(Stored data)
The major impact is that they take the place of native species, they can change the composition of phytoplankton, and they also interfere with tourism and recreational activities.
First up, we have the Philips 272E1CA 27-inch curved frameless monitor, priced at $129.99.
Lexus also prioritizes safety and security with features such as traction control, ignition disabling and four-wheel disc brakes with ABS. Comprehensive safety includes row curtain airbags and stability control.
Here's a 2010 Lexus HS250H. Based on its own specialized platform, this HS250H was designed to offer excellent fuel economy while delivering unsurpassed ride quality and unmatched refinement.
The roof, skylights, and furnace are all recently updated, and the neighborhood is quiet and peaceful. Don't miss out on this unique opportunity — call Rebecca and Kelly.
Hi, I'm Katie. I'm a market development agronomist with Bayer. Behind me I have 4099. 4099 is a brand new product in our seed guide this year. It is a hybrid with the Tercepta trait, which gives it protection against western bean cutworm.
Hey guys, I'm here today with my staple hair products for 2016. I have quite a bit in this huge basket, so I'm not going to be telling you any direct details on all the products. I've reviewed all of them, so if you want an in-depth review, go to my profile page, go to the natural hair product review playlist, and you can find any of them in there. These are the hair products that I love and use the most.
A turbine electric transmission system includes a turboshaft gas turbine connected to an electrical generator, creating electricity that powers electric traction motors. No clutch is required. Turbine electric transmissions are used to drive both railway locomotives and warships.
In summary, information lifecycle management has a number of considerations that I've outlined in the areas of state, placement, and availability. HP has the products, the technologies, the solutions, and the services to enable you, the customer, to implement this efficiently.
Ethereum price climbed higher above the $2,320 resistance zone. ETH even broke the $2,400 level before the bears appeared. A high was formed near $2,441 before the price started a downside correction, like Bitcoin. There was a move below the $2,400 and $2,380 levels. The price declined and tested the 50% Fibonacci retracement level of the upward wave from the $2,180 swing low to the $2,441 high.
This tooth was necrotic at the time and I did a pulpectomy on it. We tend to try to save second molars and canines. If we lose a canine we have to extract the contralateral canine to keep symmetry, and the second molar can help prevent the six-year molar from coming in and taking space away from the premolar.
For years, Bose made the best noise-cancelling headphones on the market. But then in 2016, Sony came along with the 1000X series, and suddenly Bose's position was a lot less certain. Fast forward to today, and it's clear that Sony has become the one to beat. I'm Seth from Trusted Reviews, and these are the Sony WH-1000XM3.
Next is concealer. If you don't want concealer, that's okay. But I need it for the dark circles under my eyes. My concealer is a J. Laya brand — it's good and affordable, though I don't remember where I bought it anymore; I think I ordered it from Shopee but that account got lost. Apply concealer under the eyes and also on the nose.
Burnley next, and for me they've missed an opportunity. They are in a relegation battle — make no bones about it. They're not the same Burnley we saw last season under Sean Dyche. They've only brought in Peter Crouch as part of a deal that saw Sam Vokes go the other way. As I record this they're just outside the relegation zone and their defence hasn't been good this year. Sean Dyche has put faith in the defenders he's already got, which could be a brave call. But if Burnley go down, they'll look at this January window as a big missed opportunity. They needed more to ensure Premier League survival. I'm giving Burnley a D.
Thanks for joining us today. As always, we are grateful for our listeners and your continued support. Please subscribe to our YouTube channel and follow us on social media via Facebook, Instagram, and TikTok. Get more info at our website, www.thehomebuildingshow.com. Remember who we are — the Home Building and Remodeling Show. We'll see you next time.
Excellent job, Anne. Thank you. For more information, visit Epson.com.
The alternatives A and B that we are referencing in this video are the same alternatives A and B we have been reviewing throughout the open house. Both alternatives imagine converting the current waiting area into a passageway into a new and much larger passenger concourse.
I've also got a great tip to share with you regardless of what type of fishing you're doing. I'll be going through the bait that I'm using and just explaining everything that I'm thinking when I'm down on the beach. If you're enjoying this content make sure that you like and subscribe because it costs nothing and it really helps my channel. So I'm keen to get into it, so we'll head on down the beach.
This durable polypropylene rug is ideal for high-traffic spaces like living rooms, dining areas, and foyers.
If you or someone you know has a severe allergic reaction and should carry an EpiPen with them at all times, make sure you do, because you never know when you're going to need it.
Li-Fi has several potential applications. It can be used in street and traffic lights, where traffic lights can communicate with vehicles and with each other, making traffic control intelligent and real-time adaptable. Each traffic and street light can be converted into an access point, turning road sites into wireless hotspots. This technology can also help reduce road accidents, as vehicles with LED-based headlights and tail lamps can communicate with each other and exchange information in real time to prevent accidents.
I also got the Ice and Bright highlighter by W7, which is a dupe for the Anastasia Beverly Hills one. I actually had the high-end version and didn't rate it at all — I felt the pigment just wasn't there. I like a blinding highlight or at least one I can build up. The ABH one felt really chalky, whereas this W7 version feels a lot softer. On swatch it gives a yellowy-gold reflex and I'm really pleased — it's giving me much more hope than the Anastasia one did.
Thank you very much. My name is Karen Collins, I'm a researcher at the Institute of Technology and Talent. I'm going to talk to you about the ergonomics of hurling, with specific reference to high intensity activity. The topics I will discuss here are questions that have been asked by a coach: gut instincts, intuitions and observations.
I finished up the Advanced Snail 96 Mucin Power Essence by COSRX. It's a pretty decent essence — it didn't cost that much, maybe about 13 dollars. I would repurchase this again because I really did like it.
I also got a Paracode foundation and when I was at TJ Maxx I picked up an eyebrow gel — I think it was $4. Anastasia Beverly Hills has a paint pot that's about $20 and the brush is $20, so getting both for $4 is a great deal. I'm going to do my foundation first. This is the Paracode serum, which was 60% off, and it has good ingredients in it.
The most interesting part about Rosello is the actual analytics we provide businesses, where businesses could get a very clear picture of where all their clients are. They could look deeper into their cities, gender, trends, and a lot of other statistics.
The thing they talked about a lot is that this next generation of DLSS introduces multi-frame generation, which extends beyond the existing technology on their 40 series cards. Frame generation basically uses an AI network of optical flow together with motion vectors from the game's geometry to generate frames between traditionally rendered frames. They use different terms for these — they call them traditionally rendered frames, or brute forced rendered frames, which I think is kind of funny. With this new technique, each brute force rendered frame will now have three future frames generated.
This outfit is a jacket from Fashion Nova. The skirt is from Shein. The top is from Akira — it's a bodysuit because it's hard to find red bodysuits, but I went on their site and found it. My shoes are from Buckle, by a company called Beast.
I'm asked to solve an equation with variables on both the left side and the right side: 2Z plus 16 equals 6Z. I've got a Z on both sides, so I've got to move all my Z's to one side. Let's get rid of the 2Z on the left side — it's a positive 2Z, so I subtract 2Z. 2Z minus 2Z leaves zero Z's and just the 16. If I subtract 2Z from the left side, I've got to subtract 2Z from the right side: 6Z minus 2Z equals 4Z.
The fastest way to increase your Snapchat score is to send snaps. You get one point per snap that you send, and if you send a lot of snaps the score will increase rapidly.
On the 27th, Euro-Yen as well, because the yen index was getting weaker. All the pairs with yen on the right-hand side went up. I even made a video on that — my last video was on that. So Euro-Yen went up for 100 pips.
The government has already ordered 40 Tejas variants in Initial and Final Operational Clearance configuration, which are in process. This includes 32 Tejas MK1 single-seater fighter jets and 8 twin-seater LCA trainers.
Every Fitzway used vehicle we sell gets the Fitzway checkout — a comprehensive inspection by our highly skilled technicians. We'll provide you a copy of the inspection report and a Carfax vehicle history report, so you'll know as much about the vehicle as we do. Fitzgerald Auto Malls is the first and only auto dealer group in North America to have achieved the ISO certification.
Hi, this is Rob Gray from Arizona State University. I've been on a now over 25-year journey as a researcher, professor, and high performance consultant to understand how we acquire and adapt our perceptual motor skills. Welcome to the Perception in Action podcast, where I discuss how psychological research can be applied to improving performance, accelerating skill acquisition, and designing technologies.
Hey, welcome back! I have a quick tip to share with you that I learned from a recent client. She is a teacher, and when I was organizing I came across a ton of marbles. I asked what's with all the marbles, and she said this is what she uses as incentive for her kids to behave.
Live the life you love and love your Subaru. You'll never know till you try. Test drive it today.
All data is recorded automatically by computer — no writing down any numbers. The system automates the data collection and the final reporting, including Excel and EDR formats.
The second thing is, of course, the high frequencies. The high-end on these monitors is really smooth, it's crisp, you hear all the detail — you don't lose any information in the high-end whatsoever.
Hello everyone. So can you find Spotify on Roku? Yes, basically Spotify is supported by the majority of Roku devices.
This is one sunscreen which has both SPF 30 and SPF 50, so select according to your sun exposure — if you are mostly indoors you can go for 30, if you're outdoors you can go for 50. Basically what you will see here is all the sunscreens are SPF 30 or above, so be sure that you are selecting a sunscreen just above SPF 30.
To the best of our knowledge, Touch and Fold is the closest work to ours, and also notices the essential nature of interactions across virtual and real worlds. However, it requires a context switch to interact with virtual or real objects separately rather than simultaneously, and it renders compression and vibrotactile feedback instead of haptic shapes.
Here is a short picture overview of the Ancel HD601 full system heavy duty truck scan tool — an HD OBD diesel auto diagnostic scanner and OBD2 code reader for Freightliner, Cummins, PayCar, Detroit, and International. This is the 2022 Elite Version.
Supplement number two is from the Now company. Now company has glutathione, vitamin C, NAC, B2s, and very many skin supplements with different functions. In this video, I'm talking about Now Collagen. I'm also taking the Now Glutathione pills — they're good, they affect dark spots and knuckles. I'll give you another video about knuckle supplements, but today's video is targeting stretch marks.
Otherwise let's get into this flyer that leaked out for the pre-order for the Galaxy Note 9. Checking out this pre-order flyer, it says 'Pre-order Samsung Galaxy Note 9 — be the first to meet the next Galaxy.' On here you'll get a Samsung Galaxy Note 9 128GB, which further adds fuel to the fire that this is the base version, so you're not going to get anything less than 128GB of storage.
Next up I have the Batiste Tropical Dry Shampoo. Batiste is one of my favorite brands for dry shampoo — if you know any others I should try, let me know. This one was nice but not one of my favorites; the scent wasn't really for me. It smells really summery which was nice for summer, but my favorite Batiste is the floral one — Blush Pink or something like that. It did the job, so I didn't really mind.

Requirement ▸ Starting at the line above that contains "Li-Fi has several", repeat each line exactly up to and including the line that contains "I finished up", and stop there.

Exercise response ▸
Li-Fi has several potential applications. It can be used in street and traffic lights, where traffic lights can communicate with vehicles and with each other, making traffic control intelligent and real-time adaptable. Each traffic and street light can be converted into an access point, turning road sites into wireless hotspots. This technology can also help reduce road accidents, as vehicles with LED-based headlights and tail lamps can communicate with each other and exchange information in real time to prevent accidents.
I also got the Ice and Bright highlighter by W7, which is a dupe for the Anastasia Beverly Hills one. I actually had the high-end version and didn't rate it at all — I felt the pigment just wasn't there. I like a blinding highlight or at least one I can build up. The ABH one felt really chalky, whereas this W7 version feels a lot softer. On swatch it gives a yellowy-gold reflex and I'm really pleased — it's giving me much more hope than the Anastasia one did.
Thank you very much. My name is Karen Collins, I'm a researcher at the Institute of Technology and Talent. I'm going to talk to you about the ergonomics of hurling, with specific reference to high intensity activity. The topics I will discuss here are questions that have been asked by a coach: gut instincts, intuitions and observations.
I finished up the Advanced Snail 96 Mucin Power Essence by COSRX. It's a pretty decent essence — it didn't cost that much, maybe about 13 dollars. I would repurchase this again because I really did like it.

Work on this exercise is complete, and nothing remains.